### Given data

______

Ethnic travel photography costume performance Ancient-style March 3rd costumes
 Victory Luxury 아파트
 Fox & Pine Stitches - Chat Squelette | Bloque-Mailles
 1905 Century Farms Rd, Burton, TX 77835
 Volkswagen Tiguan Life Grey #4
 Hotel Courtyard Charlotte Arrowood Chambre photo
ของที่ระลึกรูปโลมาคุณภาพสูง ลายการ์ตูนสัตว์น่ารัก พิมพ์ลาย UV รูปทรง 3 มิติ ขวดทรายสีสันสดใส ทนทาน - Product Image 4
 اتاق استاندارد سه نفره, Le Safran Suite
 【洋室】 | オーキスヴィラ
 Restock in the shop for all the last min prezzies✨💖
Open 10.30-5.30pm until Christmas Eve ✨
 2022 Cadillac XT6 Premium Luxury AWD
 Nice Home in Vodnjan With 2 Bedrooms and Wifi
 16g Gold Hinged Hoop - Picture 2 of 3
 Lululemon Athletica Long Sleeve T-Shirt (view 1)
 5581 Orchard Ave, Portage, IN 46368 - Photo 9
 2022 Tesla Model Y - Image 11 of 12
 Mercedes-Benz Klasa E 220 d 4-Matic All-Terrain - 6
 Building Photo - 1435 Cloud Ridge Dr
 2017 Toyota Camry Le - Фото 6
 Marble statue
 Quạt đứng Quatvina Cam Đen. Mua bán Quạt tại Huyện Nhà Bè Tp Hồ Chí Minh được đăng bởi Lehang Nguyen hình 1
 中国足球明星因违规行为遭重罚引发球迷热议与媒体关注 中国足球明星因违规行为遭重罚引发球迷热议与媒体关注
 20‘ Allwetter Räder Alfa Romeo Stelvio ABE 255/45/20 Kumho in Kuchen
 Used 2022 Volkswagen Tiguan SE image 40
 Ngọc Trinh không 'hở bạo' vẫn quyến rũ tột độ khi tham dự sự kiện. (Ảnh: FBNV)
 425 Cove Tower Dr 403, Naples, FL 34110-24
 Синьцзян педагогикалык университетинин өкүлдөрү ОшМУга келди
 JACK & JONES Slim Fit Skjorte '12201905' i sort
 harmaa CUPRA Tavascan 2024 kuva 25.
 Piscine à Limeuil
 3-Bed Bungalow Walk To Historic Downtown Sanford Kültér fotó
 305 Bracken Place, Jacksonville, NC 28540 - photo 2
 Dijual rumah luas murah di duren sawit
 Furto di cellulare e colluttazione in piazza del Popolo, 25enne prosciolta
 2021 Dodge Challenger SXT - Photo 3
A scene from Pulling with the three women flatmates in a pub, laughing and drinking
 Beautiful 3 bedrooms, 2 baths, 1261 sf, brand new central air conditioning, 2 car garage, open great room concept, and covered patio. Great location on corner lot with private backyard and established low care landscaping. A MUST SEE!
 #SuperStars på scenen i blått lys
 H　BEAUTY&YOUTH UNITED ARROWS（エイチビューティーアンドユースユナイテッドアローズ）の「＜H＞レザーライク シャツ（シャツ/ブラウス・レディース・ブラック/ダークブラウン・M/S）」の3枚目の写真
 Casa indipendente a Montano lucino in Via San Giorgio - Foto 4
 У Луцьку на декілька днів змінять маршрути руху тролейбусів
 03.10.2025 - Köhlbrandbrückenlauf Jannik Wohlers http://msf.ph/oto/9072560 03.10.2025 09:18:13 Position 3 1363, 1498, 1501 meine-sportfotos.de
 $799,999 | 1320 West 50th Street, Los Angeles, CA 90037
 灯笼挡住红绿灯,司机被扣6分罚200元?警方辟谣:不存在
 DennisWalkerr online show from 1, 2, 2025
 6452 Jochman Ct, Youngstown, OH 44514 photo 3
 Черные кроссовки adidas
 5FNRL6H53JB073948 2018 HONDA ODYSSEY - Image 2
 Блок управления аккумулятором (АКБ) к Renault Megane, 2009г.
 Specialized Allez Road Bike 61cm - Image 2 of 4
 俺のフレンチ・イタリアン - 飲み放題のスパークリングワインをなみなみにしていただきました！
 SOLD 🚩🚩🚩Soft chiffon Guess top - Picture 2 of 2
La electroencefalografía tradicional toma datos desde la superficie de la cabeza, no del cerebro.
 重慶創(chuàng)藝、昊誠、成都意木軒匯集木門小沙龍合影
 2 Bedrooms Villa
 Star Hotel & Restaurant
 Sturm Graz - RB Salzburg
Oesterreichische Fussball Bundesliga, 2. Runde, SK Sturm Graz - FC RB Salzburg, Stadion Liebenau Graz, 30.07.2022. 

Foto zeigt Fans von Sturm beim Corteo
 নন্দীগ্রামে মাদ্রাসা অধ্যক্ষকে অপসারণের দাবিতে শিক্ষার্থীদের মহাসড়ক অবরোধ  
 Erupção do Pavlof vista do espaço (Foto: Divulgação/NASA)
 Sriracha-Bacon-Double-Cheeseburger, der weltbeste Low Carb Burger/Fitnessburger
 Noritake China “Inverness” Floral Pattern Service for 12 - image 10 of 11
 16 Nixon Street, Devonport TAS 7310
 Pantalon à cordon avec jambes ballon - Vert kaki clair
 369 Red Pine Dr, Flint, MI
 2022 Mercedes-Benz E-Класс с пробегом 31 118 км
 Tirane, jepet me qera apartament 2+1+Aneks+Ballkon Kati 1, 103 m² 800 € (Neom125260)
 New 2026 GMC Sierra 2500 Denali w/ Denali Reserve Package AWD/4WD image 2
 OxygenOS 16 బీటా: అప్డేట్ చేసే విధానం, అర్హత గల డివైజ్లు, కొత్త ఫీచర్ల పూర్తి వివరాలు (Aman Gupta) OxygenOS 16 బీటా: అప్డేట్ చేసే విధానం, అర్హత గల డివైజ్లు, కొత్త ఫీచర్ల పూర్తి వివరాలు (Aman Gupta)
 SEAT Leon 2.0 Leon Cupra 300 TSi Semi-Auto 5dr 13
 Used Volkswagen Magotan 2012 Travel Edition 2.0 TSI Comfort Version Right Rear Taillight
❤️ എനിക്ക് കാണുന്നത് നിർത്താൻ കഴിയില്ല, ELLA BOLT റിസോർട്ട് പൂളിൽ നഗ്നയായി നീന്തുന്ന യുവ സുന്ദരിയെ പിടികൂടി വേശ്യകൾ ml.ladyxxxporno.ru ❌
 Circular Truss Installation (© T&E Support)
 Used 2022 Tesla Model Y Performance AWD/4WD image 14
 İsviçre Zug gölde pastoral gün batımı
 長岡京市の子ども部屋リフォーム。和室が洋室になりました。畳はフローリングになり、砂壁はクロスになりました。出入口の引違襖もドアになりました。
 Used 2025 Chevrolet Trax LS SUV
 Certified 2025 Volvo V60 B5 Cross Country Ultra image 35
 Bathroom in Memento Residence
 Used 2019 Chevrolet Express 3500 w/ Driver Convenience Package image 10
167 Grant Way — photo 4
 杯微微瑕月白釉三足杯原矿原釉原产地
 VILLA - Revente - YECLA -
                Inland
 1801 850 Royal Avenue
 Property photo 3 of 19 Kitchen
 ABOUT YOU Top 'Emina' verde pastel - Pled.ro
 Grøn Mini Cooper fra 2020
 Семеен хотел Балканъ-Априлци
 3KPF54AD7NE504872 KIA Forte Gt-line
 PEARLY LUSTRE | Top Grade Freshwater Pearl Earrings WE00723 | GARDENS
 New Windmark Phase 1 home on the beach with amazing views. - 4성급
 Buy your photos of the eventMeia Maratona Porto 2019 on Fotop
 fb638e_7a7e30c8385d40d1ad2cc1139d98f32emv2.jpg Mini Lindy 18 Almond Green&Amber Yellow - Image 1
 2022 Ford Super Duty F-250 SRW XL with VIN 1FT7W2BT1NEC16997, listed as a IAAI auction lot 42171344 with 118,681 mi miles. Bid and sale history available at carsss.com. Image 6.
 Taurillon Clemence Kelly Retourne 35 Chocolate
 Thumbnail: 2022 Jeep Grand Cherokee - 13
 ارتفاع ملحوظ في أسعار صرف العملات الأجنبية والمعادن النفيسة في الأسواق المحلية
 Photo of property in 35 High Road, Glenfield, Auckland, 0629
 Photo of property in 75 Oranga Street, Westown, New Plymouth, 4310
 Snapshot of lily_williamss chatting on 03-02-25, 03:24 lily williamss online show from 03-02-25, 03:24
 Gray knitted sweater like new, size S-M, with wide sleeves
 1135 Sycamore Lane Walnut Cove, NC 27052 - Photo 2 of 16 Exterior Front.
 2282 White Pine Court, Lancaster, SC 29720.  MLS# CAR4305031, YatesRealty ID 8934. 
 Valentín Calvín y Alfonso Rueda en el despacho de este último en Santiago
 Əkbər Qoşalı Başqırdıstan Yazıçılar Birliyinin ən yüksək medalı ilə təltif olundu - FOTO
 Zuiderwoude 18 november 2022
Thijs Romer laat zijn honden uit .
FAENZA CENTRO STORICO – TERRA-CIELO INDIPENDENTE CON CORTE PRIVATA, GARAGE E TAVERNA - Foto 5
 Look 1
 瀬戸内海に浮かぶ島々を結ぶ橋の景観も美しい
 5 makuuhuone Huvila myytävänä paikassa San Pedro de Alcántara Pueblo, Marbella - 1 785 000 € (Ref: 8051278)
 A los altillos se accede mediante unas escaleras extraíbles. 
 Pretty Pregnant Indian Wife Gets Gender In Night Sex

______

### Your objective
The entries above hold a line with "16 Nixon Street, Devonport TAS 7310" and a later line with "Tirane, jepet me". Write out exactly those lines and all lines between, nothing more.

### Your solution
 16 Nixon Street, Devonport TAS 7310
 Pantalon à cordon avec jambes ballon - Vert kaki clair
 369 Red Pine Dr, Flint, MI
 2022 Mercedes-Benz E-Класс с пробегом 31 118 км
 Tirane, jepet me qera apartament 2+1+Aneks+Ballkon Kati 1, 103 m² 800 € (Neom125260)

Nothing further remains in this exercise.